“I Dubuffet di Dubuffet”, è così che viene chiamata la collezione di opere che l’artista francese lasciò al Musée des Arts Décoratifs di Parigi nel 1967 nella persona del suo Conservatore, François Mathey che nel 1960 aveva organizzato la sua prima retrospettiva museale e con il quale aveva instaurato rapporti di stima e amicizia.
Dubuffet non amava i musei. Da spirito ribelle si oppose sempre fortemente alle norme, ai dogmi, alle istituzioni, a tutto ciò che “asfissa la cultura”. La decisione apparentemente contaddittoria di lasciare questo corpo di opere al Museo, al di là del rapporto di fiducia che lo legava al Conservatore, fu presa con il preciso scopo che questi lavori “viaggiassero”, costituissero cioè una sorta di “fondo itinerante” che non rimanesse intrappolato negli odiati ingranaggi museografici.
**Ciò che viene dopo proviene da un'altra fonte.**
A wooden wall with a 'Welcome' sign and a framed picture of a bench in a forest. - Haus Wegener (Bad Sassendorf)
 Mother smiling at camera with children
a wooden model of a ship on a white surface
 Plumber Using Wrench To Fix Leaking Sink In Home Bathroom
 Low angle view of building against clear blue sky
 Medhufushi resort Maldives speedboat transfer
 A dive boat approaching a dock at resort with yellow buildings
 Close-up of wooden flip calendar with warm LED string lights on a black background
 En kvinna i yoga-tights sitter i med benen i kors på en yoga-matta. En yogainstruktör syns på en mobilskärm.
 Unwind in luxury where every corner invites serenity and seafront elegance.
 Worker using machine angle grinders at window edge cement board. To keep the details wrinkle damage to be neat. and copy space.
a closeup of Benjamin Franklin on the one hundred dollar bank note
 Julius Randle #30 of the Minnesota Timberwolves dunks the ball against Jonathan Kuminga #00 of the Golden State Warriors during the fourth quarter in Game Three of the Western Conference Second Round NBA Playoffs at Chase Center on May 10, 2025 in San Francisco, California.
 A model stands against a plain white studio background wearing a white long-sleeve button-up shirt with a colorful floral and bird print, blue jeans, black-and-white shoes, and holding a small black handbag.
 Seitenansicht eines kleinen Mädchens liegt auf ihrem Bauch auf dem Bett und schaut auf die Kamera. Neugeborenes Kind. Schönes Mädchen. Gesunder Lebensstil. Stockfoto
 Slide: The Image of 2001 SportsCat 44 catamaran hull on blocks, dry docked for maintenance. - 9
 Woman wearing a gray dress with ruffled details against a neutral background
In un testo scitto per l’occasione, Ma donation au Musée des Arts Décoratifs dice: “Da tempo ho dichiarato la mia scarsa affezione per queste cittadelle della cultura mandarina che sono i musei …Vi è arte autentica là dove la parola Arte non si pronuncia, non si pronuncia mai”.
Ma anche se per Dubuffet la creazione d’arte sarà sempre antagonista della cultura, tuttavia non vede alternativa: “… perciò non sarebbe evidentemente in un museo che andrei ad appendere le mie tele se le cose andassero come vorrei io (nel qual caso i musei non esisterebbero proprio). Ma nello stato attuale delle cose, e che io lo voglia o no, nella città che vive non c’è spazio per le produzioni d’arte (…) in un posto che non sia un museo.
Questa mostra, frutto della collaborazione fra la Provincia di Milano, la Fondazione Mazzotta e il Centre Culturel français de Milan, rientra dunque nel progetto dell’artista di rendere visibile la sua opera. Prima di Milano la collezione è stata presentata a Madrid e a Bilbao e rientrerà nella sua appena restaurata sede parigina prima della grande retrospettiva che il Centre George Pompidou dedicherà a Jean Dubuffet nel 2001.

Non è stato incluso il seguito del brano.